Если бабушка пребывала в плохом настроении и не рассказывала истории, за едой я смотрела телевизор. Кроме телевизора никто не помогал бабушке в кормлении. Телевидение меня очень увлекало. Я даже учила английский и немецкий во время завтраков. Потому, что утром шла передача английский для детей, а следом, через сорок минут – немецкий. К изучению немецкого бабушка была настроена крайне отрицательно. «Быстро, ох, как быстро все войну забыли, – ворчала она, – рашен швайн они русских называли. Это в передаче не рассказывают?»

Тем не менее немецкий шел фоном к очень долгому завтраку и выбора просто не оставалось.


После завтрака мы с бабушкой расползались в разные стороны, полностью вымотанные. Бабушка шла на кухню готовить новую еду. Близился обед.


За обедом все повторялось.


Мне было стыдно, что каждый день, по моей вине, мог стать для бабушки последним. Она, действительно, каждый день находилась на грани одновременно инфаркта и инсульта и только чудом спасалась.

Мир без бабушки не протянул бы и дня, и я своими руками приближала конец света. Но я, понимая это, снова и снова кидала кашу под стол. Нормальные дети так, конечно, никогда бы не сделали.


Бабушкина комната


Играть мне больше всего нравилось в бабушкиной комнате. Бабушка пускала в свою комнату из всей семьи только меня, потому что любила, не смотря ни на что, больше всех.

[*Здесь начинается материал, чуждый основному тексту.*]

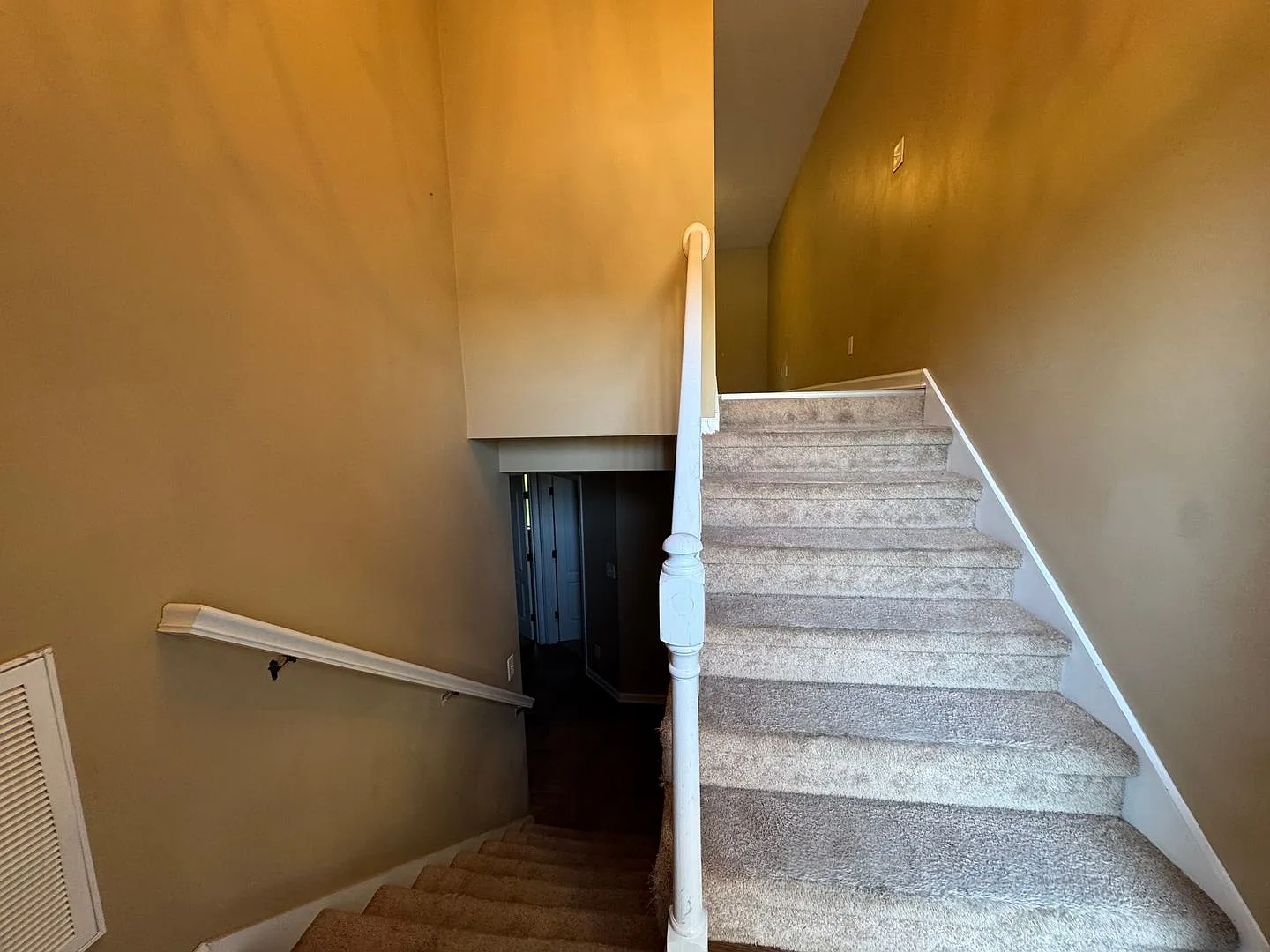 Beautiful Townhome — Photo 4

В комнате у нее стоял секретный холодильник с замком на ручке. Все шкафы тоже закрывались на замки. Большой трех-дверный, где как в шкафу, ведущем в Нарнию висели шубы, мутоновая и каракулевая, и синее пальто с норковым воротником, а на верхней полке лежала черно-бурая лисья горжетка с настоящими лапками и коготками. Сервант с китайским фарфоровым сервизом на 12 персон. Тумбочка с бельем. Единственный предмет мебели без замка – черно-белый телевизор на длинных ножках, который во время Перестройки вдруг открыл в себе способность показывать все кабельные каналы без антенны-тарелки, о которой мы и мечтать не смели. Естественно, пользоваться наличием кабельных каналов дозволялось из всей семьи только нам с бабушкой.


В одной из хрустальных вазочек, которая стояла на серванте, бабушка хранила вырванные зубы с длиннющими корнями. И зубы, и корни были коричневыми и напоминали косточки от фиников. В них я тоже играла. Также в играх участвовал огрызок красной помады и красный лак для ногтей. Бабушка так меня любила, что разрешала все это трогать. Еще трогать под присмотром дозволялось старый бордовый альбом с фотографиями, где лежала вся бабушкина пропавшая молодость. А также можно было рассматривать и немного играть в бабушкины украшения, брошки, жабо и статуэтки.


Я платила за любовь только злом. Перебила все статуэтки балерин, китаянок, лошадей, Пушкиных и конькобежцев. Была балерина – стала инвалидка, как Венера Милосская без рук. Я не хотела портить эти статуэтки, просто у меня все валилось из рук. И во все хотелось играть. После отбития рук и ног, все равно не шла речь о том, чтобы выбросить изуродованную статуэтку. Они оставались на прежних местах, немым укором. Я тяжело переживала, просила приклеить, привязать. На клей «Момент» отломанные конечности садились плохо и висели на коричневых нитях устрашающе, еще хуже, чем раньше.